Instruction for the data below: set down exactly the lines from the line with "Inspired by Supreme Urban Edge Hoodie" to the line with "Praderas Cabin", inclusive, and no others.

### SOURCE DATA

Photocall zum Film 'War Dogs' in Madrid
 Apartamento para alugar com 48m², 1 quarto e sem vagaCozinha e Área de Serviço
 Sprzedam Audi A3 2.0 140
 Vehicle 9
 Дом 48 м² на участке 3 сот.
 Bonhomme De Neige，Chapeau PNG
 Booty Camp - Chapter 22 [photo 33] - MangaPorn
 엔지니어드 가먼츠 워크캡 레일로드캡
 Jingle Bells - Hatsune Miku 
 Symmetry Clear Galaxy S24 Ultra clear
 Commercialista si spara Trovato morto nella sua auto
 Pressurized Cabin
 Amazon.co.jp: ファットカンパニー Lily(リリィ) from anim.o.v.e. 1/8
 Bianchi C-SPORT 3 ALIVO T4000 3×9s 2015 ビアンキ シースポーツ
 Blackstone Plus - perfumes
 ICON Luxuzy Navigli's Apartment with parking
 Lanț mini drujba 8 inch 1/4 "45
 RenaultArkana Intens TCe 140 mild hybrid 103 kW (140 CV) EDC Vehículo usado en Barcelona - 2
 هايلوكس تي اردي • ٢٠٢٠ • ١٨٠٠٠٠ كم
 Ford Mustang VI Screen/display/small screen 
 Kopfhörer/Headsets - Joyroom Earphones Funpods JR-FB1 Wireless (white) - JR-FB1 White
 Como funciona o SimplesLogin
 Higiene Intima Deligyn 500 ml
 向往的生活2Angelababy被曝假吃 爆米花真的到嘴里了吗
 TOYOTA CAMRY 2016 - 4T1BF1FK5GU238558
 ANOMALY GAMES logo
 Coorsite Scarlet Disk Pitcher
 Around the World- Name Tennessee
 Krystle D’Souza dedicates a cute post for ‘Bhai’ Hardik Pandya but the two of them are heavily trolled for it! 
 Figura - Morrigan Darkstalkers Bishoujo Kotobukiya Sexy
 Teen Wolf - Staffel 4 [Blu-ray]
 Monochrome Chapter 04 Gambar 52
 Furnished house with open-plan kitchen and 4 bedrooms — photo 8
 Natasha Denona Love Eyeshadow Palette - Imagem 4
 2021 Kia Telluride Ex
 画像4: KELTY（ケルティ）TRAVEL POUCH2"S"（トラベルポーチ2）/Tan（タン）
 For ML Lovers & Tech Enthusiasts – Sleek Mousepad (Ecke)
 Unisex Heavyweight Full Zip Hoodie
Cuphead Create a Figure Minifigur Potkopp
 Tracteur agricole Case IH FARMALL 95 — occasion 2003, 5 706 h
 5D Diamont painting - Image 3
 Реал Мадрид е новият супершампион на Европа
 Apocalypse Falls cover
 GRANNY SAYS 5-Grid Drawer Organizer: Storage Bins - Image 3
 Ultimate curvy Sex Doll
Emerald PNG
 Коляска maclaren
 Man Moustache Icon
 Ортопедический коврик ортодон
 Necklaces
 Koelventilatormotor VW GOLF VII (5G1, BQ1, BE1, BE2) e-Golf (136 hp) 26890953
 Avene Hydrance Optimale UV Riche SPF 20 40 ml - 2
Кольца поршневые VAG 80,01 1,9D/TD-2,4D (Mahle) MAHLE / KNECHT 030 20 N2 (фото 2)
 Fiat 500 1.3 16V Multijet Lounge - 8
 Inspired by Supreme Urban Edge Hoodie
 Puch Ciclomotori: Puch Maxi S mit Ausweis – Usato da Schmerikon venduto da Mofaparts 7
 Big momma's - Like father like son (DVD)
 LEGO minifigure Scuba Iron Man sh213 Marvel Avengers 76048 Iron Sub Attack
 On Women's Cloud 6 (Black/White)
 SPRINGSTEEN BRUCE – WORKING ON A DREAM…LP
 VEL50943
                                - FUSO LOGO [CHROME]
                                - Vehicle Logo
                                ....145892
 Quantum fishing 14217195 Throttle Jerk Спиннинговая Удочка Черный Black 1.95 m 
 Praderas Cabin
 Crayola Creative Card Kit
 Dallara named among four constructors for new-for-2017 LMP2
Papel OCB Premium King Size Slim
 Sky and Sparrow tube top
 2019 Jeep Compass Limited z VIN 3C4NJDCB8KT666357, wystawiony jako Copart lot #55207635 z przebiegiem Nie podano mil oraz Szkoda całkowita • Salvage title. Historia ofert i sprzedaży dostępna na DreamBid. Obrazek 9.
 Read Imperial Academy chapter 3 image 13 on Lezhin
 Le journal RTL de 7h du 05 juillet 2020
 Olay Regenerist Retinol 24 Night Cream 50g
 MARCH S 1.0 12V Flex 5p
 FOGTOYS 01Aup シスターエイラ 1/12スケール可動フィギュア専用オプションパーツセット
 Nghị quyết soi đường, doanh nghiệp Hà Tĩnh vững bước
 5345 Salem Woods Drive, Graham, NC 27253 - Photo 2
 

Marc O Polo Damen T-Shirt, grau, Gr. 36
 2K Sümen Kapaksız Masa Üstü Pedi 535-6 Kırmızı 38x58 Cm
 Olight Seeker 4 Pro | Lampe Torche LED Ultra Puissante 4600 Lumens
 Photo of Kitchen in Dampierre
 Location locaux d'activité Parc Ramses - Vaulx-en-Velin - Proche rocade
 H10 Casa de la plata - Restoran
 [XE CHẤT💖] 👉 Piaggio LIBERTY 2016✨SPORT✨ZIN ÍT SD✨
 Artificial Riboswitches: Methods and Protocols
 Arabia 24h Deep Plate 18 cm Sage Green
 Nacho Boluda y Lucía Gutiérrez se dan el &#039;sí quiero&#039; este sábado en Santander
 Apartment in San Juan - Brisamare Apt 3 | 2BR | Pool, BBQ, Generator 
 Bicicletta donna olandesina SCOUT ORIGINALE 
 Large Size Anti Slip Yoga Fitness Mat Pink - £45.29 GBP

######

:: SOLUTION ::
 Inspired by Supreme Urban Edge Hoodie
 Puch Ciclomotori: Puch Maxi S mit Ausweis – Usato da Schmerikon venduto da Mofaparts 7
 Big momma's - Like father like son (DVD)
 LEGO minifigure Scuba Iron Man sh213 Marvel Avengers 76048 Iron Sub Attack
 On Women's Cloud 6 (Black/White)
 SPRINGSTEEN BRUCE – WORKING ON A DREAM…LP
 VEL50943
                                - FUSO LOGO [CHROME]
                                - Vehicle Logo
                                ....145892
 Quantum fishing 14217195 Throttle Jerk Спиннинговая Удочка Черный Black 1.95 m 
 Praderas Cabin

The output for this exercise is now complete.